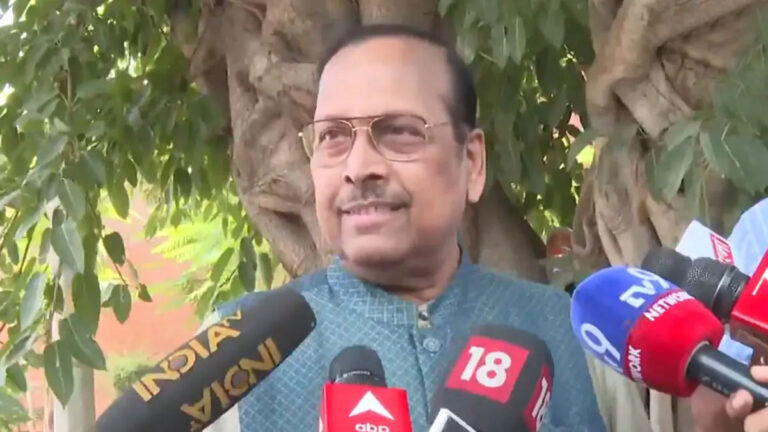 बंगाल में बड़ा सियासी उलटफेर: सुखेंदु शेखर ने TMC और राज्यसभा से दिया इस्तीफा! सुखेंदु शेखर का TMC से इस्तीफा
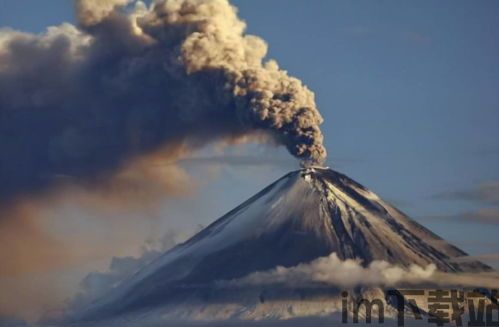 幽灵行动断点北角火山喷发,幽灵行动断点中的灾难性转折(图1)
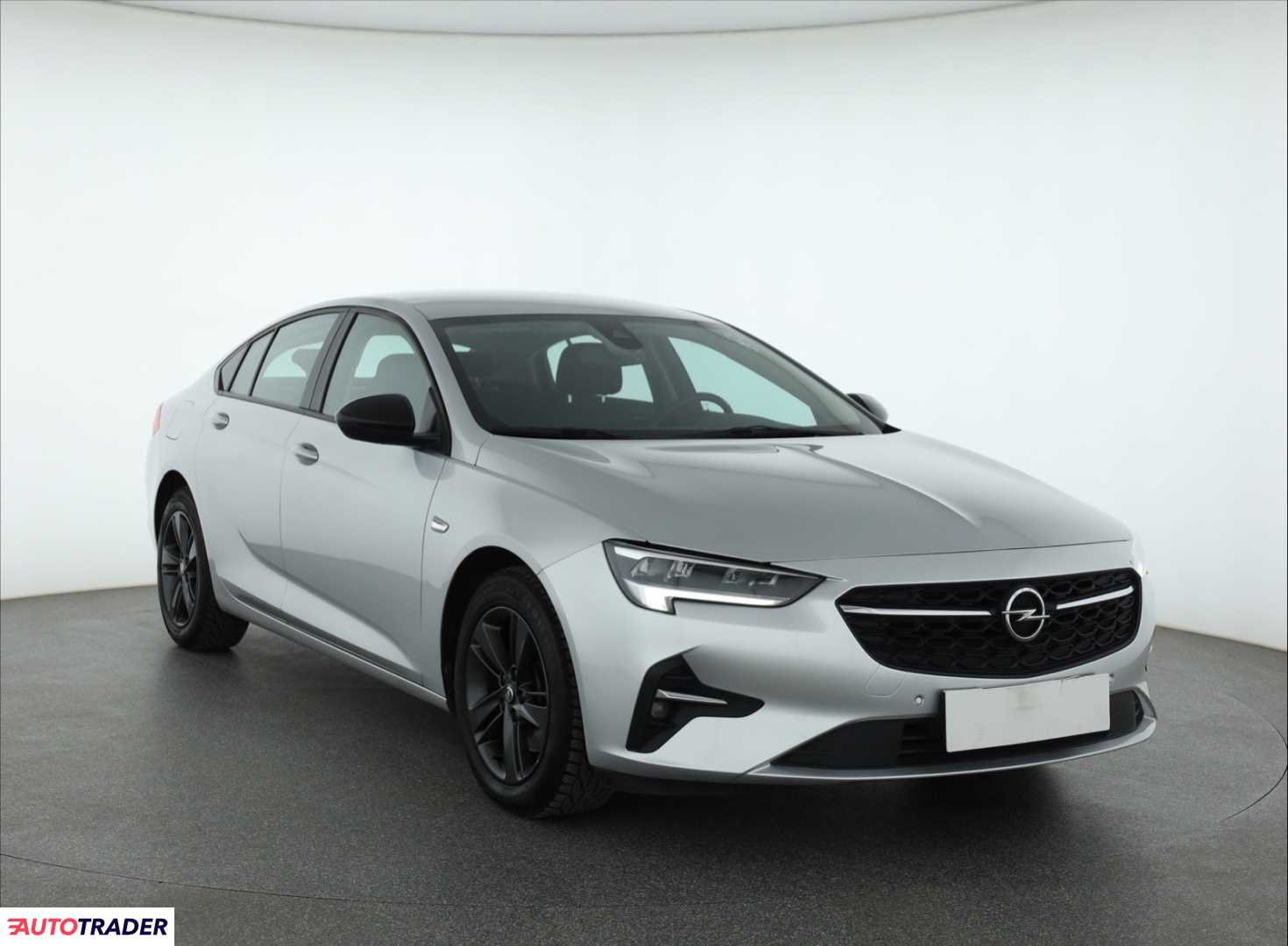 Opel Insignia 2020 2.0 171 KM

——

The copy runs from the line containing "幽灵行动断点北角火山喷发,幽灵行动断点中的灾难性转折(图1)" through the last line of the material, both ends included. Reproduce those lines exactly and drop the pictures.

 幽灵行动断点北角火山喷发,幽灵行动断点中的灾难性转折(图1)
 Opel Insignia 2020 2.0 171 KM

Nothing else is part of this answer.